** Your task **
Your answer is to be the exact text of the lines from the one containing "El camino para" through the final line of the entries, restated in full, with pictures omitted.

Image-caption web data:

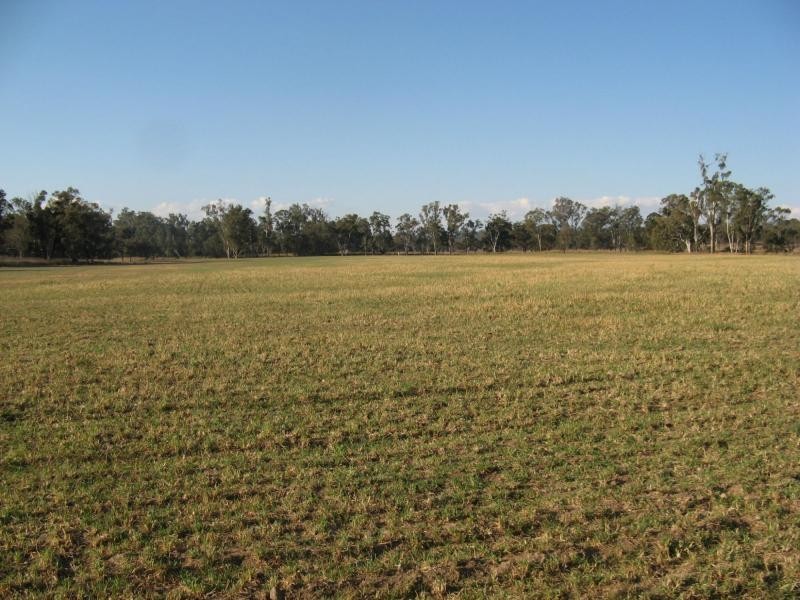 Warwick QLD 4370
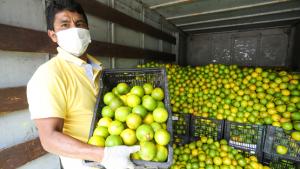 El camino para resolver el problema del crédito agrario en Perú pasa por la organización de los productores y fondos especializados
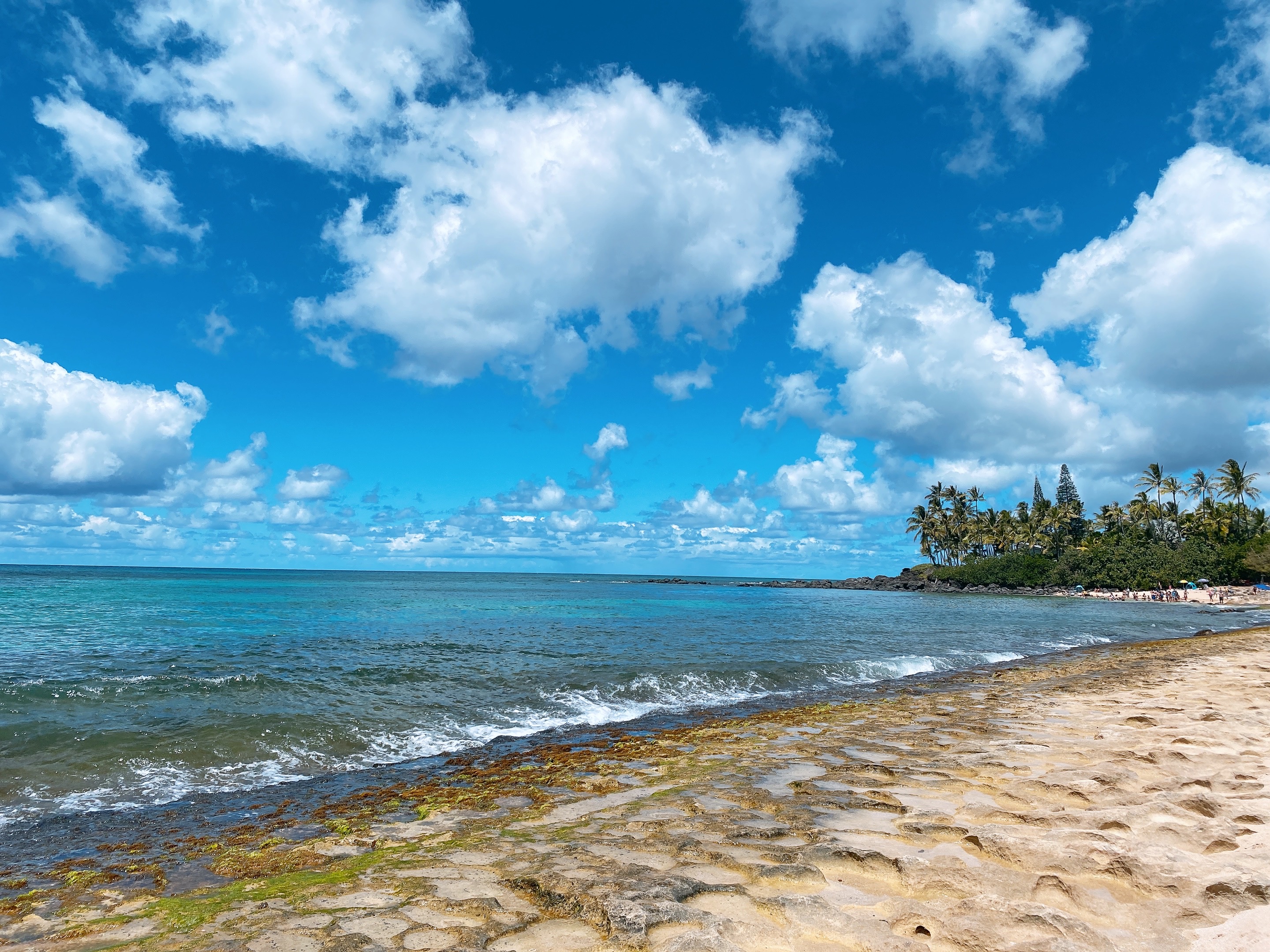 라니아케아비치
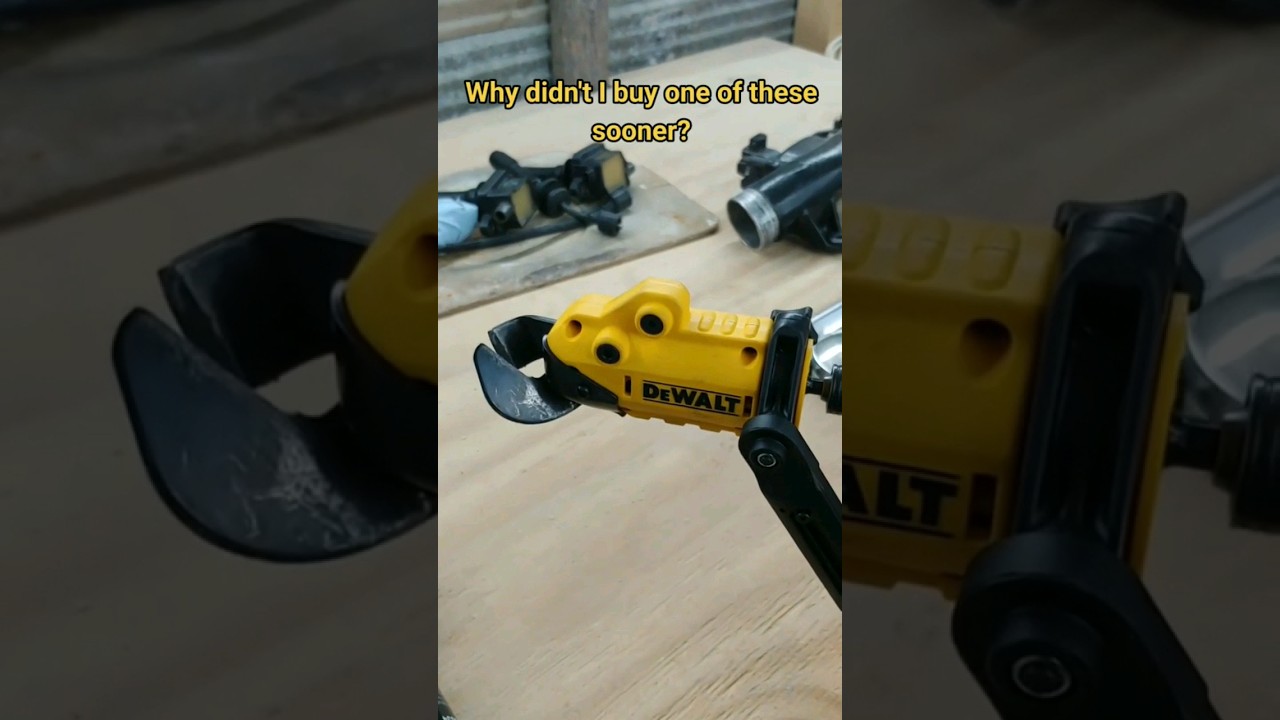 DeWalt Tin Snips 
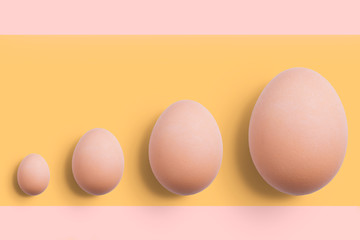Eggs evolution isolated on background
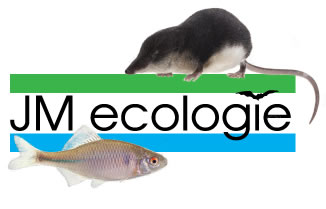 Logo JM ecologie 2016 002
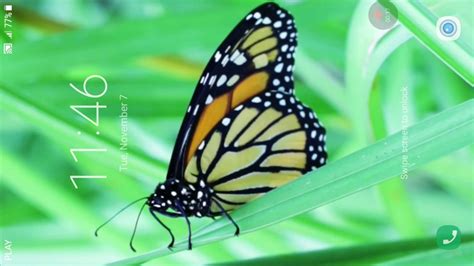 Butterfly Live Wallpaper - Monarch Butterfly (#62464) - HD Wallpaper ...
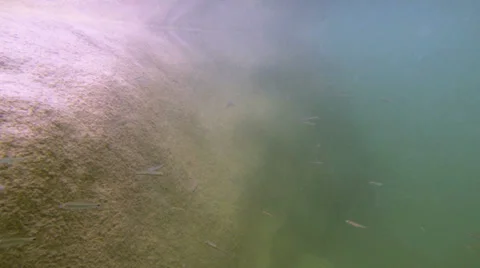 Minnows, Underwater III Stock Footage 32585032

** Solution to the exercise **
 El camino para resolver el problema del crédito agrario en Perú pasa por la organización de los productores y fondos especializados
 라니아케아비치
 DeWalt Tin Snips 
Eggs evolution isolated on background
 Logo JM ecologie 2016 002
 Butterfly Live Wallpaper - Monarch Butterfly (#62464) - HD Wallpaper ...
 Minnows, Underwater III Stock Footage 32585032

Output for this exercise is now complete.